- Opening Delimiter -

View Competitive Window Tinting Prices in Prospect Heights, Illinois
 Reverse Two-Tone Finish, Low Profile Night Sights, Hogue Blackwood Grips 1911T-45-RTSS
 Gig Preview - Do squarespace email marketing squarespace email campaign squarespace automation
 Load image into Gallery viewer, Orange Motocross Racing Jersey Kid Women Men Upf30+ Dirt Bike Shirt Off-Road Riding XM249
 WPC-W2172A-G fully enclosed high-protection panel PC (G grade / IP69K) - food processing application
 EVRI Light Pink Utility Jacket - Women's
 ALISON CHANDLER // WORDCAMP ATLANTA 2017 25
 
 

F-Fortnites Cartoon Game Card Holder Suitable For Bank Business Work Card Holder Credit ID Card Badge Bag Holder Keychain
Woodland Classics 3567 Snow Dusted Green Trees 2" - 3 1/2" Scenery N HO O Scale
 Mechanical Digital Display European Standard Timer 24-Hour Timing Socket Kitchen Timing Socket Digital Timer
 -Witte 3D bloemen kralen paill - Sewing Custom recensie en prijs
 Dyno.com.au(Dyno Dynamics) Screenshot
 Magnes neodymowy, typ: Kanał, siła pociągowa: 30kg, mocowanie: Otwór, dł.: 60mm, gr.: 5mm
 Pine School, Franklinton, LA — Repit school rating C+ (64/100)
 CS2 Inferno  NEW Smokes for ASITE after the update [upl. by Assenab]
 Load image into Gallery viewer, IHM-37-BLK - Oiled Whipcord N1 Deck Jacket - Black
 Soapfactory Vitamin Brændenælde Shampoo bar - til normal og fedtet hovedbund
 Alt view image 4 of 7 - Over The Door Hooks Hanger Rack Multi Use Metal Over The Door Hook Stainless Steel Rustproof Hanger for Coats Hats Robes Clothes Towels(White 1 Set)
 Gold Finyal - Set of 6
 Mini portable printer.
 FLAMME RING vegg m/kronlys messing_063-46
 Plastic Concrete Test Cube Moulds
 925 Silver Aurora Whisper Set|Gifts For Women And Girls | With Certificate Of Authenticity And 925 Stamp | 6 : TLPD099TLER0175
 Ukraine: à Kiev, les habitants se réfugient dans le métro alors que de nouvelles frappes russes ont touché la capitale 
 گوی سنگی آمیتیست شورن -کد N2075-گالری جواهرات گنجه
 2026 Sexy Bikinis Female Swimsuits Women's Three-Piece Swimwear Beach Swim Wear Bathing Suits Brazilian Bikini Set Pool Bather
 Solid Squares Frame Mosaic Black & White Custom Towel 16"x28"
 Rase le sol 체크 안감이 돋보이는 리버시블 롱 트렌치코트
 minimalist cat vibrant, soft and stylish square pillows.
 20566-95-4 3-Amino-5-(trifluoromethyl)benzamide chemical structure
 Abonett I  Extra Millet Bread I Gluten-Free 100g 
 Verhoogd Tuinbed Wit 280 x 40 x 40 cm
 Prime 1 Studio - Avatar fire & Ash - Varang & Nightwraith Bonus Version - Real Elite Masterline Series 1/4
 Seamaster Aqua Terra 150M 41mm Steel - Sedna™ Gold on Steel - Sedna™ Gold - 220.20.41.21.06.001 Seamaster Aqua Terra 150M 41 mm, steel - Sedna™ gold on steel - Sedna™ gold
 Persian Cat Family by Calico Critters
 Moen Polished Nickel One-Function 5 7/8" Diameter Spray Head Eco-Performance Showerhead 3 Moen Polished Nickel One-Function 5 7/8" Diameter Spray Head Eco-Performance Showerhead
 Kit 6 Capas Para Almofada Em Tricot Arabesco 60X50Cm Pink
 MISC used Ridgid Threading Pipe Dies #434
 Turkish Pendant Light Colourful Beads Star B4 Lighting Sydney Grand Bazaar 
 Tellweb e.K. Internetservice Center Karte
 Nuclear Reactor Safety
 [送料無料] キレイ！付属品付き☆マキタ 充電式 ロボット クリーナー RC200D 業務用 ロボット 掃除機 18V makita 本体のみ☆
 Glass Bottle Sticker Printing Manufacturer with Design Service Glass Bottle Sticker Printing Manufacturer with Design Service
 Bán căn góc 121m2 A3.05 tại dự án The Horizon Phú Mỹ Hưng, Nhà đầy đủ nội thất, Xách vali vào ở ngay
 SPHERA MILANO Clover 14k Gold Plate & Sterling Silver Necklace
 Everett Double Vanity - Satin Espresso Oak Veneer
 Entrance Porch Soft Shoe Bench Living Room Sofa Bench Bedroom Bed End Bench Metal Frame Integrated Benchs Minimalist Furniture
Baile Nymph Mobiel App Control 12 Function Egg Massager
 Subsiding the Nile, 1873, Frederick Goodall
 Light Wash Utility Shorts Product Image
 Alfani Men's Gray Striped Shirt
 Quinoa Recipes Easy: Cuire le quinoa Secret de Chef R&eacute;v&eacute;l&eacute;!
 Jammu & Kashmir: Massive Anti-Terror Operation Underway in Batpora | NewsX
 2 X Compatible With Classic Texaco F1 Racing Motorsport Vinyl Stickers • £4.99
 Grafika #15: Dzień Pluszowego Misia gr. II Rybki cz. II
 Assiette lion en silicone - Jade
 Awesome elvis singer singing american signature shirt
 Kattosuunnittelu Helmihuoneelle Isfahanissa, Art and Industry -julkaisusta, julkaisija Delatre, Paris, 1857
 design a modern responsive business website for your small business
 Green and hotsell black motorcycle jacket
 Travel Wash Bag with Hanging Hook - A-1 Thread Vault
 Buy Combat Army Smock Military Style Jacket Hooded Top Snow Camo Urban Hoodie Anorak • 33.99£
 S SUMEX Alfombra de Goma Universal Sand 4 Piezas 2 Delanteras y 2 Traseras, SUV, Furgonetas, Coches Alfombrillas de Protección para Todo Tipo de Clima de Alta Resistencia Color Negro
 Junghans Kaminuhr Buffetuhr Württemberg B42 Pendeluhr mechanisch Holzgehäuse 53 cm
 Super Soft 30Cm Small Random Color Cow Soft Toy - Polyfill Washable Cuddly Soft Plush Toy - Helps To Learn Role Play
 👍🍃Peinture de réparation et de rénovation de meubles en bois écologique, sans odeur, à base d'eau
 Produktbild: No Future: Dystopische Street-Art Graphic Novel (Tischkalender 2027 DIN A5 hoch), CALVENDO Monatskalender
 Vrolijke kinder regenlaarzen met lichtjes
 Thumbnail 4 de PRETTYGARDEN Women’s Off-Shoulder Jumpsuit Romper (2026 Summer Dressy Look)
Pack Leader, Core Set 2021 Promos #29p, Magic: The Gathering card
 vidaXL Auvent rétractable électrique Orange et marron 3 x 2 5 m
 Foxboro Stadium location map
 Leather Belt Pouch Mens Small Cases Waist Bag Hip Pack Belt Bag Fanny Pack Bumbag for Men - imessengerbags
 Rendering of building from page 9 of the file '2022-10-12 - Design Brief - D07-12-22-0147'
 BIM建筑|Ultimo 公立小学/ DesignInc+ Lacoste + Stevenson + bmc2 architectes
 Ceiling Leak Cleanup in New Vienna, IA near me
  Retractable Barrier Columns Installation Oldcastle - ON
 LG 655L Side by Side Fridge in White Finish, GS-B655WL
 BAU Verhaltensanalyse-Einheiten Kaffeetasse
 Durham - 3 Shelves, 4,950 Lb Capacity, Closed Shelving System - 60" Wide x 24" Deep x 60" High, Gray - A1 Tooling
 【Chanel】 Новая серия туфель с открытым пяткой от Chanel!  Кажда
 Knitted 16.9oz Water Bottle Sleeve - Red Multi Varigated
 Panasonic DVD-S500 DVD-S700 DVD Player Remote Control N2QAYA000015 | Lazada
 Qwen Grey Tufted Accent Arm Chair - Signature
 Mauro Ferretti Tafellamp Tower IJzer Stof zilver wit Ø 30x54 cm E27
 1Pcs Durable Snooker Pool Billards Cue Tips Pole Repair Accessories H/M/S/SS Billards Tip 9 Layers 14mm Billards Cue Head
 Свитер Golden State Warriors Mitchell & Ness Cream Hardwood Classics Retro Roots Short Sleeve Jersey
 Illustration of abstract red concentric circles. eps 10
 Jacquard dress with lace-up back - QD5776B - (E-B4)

- Closing Delimiter -

■ **TASK OBJECTIVE**: For the string "Finish", return every line of the data where it appears.

■ **REPLY**:
 Reverse Two-Tone Finish, Low Profile Night Sights, Hogue Blackwood Grips 1911T-45-RTSS
 LG 655L Side by Side Fridge in White Finish, GS-B655WL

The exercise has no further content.